As she was drinking, the drums reached a new climax and suddenly a second deity appeared, leaping into the clearing with a crown of seven red cobra heads, to which were attached two huge round earrings. A silver-appliqué chakra disc was stuck in the middle of his forehead, and round his waist was a wide grass farthingale, as if an Elizabethan couturier had somehow been marooned on a forgotten jungle island and been forced to reproduce the fashions of the Virgin Queen’s court from local materials. His wrists were encircled with bracelets of palm spines and exora flowers. It was only after a minute that I realised it was Hari Das. He was unrecognisable. His eyes were wide, charged and staring, and his whole personality seemed to have been transformed. The calm, slightly earnest and thoughtful man I knew from my previous meetings was now changed into a frenzied divine athlete.

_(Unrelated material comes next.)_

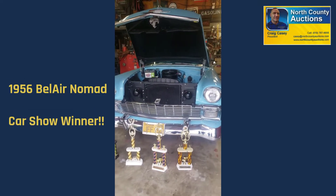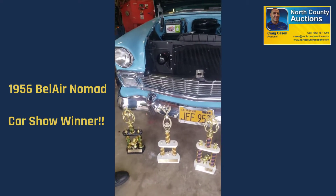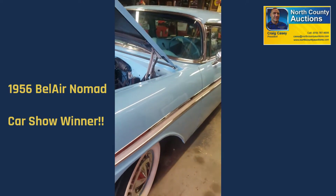This is your 1956 Chevy Nomad Wagon? Right. Car show winner? Of course. It's all stock. 265 engine.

He made a series of spectacular leaps in the air as he circled the kavu, twirling and dancing, spraying the crowd with showers of rice offerings.
After several rounds in this manner, the tempo of the drums slowly lowered. As Chamundi took her seat on a throne at one side of the main entrance to the shrine, still twitching uneasily, the Vis
hnumurti theyyam approached the ranks of devotees, in a choreographed walk, part strut, part dance. All of the devotees and pilgrims had now respectfully risen from their seats or from the ground, and stood with heads bowed before the deity.
In one hand the Vishnumurti held a bow and a quiver of arrows; in the other a sword. These he used to bless the devotees, who bowed their heads as he approached. With the blade of the sword he touched the outstretched hands of some of the crowd. “All will be well!” he intoned in a deep voice in Malayalam. “All the darkness will go! The gods will look after you. They will protect you and be your friend! Do not worry! God is everywhere!” Between these encouraging phrases in the local dialect he muttered a series of Sanskrit mantras and incantations. The personality of the deity was quite distinct from that of Chamundi—as benign and reassuring as the latter was disturbing and potentially dangerous, even psychotic.
The deity now returned to the shrine, and taking a throne, looked on as the various priests and attendants prostrated themselves before him, each offering a drink of toddy. Like Chamundi, Vishnumurti drank the offering in a single gulp. This was the signal for the spiritual surgery to begin and the devotees to queue up and approach the deities for individual advice and blessing. Vishnumurti’s queue was noticeably longer than that of the goddess; only the brave—mostly elderly women—approached Chamundi.
One by one the petitions were presented. Old women asked for grandchildren, unemployed men for jobs, young women for husbands and farmers for good harvests. To each, Vishnumurti offered reassuring advice: “Your family will be showered with blessings,” he said to one woman. “The evil times are over. Peace and calm will return to your family home. You will be like Saraswati, illuminating the darkness.” “I will look after you,” he said to an old man, “and I will take care of your sons. Both your kids are going to be fine. Don’t take the path towards evil and you will always be able to lift your head in public! Never worry.” To a little boy: “Listen to your parents and you will do well in your exams and have a bright future.”